Data to use:
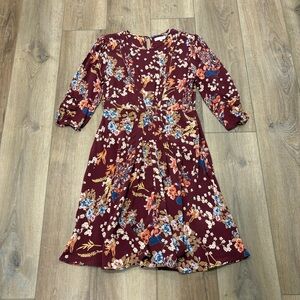 🌟BY TIMO🌟 FLORAL 3/4 SLEEVE FIT & FLARE SCANDI GIRL DRESS MAROON SZ M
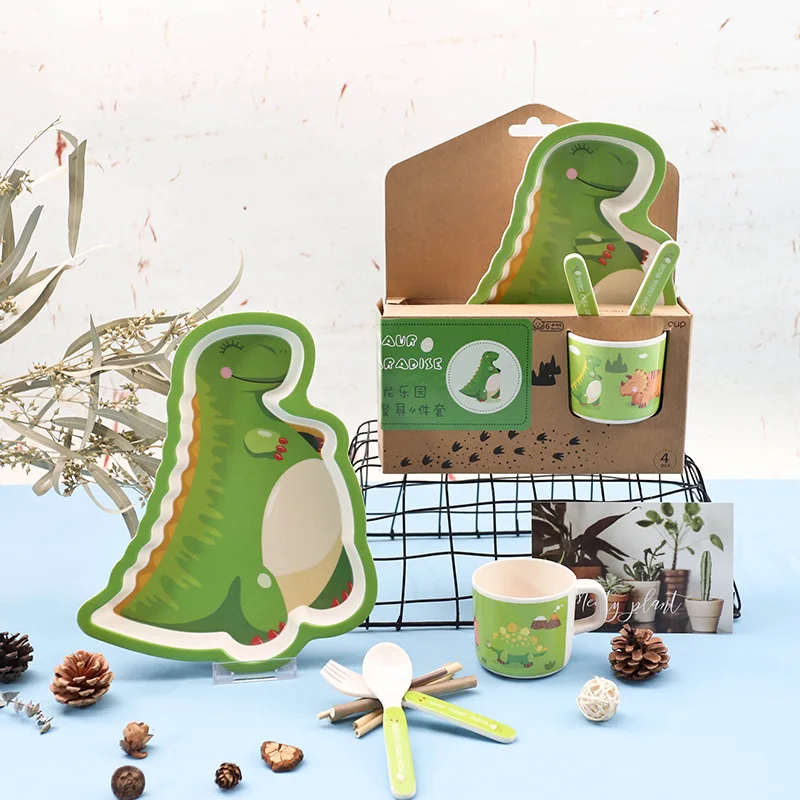 Cartoon creative bamboo fiber children's tableware set dinosaur baby Dishes kids dinner plate feeding training bowl fork spoon | Мать и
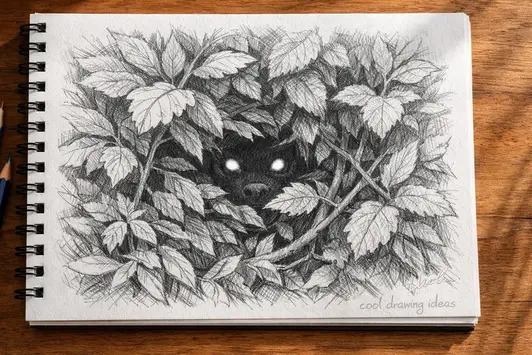 hidden creature in leaves drawing cool drawing ideas fantasy creature sketch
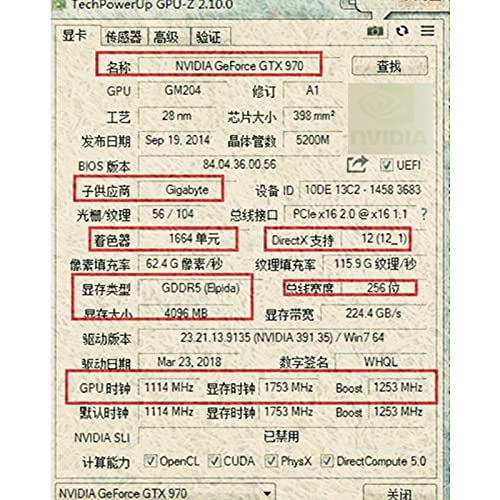 XCJ Tarjeta gráfica PerformanceFit for Tarjetas gráficas GIGABYTE GTX 970 de 4GB GDDR5 Tarjeta de Video GPU de 256 bits para Tarjetas Nvidia Geforce GTX970 4GB Map VGA Hdmi Dvi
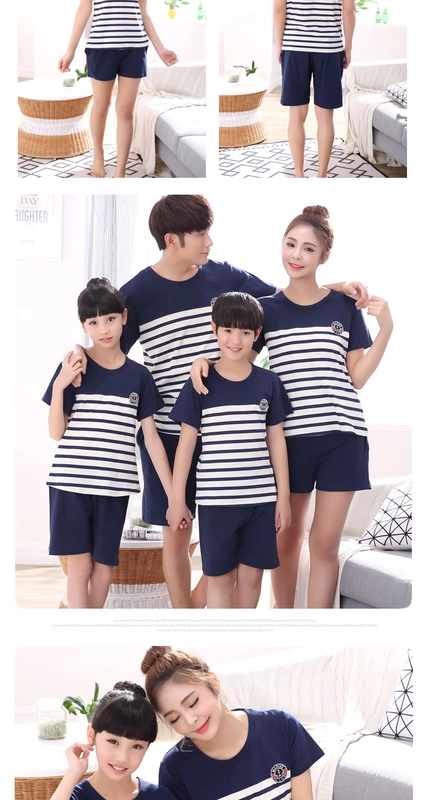 2018 gia đình mới của ba bộ đồ ngủ cotton mùa hè ngắn tay quần short phim hoạt hình mẹ và con gái cha mẹ và con dịch vụ nhà phù hợp với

Task item: Omit the pictures and reproduce the records above exactly.

Answer to this exercise:
 🌟BY TIMO🌟 FLORAL 3/4 SLEEVE FIT & FLARE SCANDI GIRL DRESS MAROON SZ M
 Cartoon creative bamboo fiber children's tableware set dinosaur baby Dishes kids dinner plate feeding training bowl fork spoon | Мать и
 hidden creature in leaves drawing cool drawing ideas fantasy creature sketch
 XCJ Tarjeta gráfica PerformanceFit for Tarjetas gráficas GIGABYTE GTX 970 de 4GB GDDR5 Tarjeta de Video GPU de 256 bits para Tarjetas Nvidia Geforce GTX970 4GB Map VGA Hdmi Dvi
 2018 gia đình mới của ba bộ đồ ngủ cotton mùa hè ngắn tay quần short phim hoạt hình mẹ và con gái cha mẹ và con dịch vụ nhà phù hợp với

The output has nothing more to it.